In August, the New Orleans City Council excluded hotel room rentals from a new sales tax for enhanced public safety in the French Quarter despite questions about whether the exclusion is permissible under state law. While BGR has not taken a position on the legal issues, today’s BGR NOW report identifies several compelling policy reasons for applying the 0.245% tax to hotel room rentals.
These include the following:
- The exclusion would reduce the projected tax revenue by about $500,000, exacerbating a sharp decline in funding for public safety in the heart of the city’s tourism economy.
- Recommended public safety services other than policing, such as homeless assistance, would receive less funding.

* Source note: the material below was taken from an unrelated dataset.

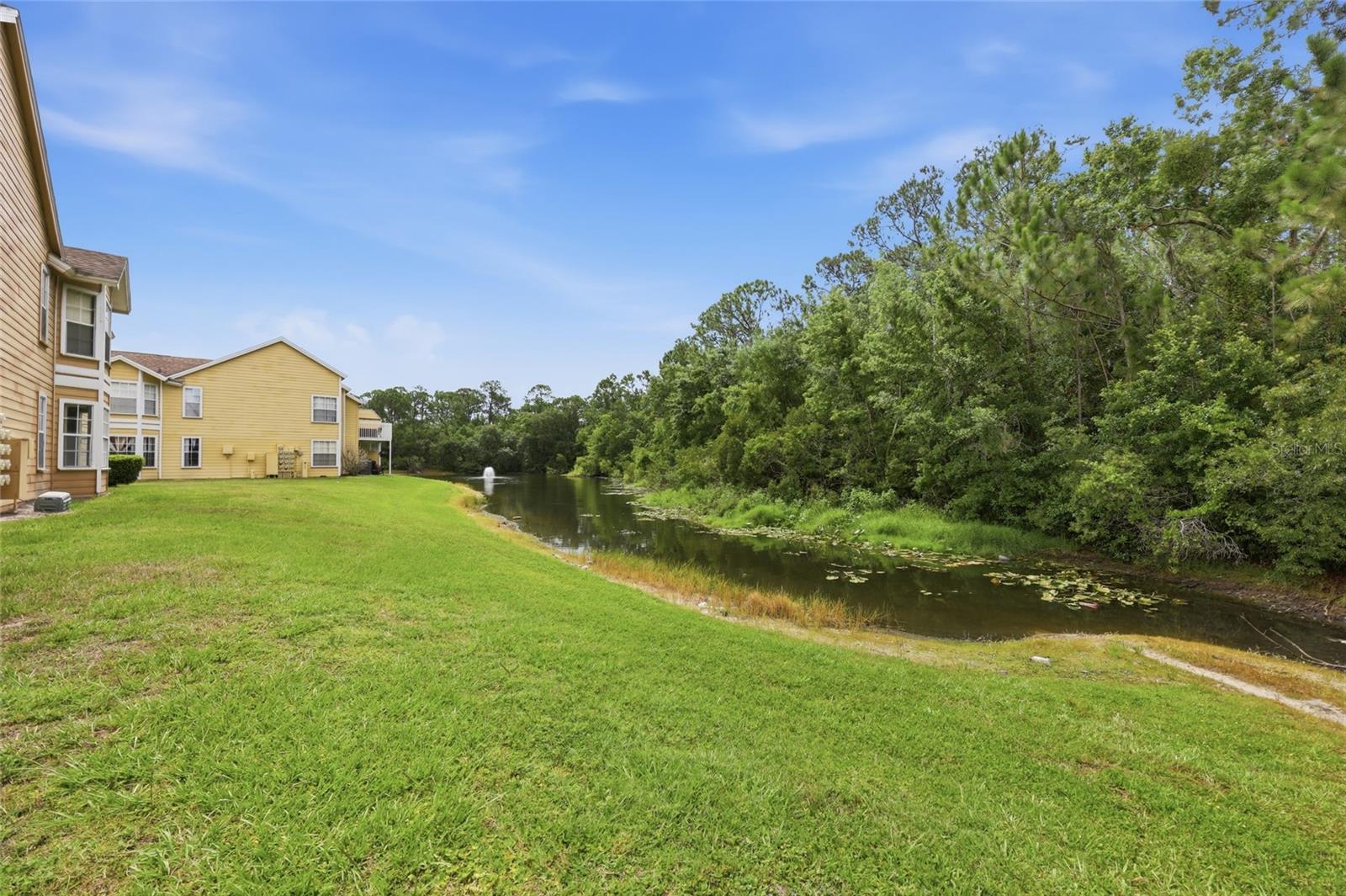 SWEETWATER CLUB CONDO - Residential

- A key rationale for excluding hotel rooms from a similar sales tax that expired at the end of 2020 was that a citywide surcharge on hotel rooms was already providing $3.7 million for French Quarter public safety. However, local tourism officials have withdrawn that funding, and hotel rooms would contribute nothing with the exclusion.

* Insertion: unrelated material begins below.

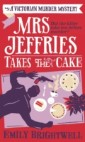 Mrs Jeffries Takes The Cake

- There has been no demonstration that the tax – which amounts to 44 cents for a typical pre-pandemic room charge of $180 – would put French Quarter hotels at a competitive disadvantage. Moreover, the exclusion would unfairly concentrate the tax burden on other French Quarter businesses.
- The exclusion deviates from well-established norms and recommended practices for taxation. For example, sales taxes apply to hotel room rentals in the vast majority of jurisdictions, including New Orleans.
For these reasons, BGR urges the City Council to amend a resolution levying the tax to remove the exclusion for hotel rooms.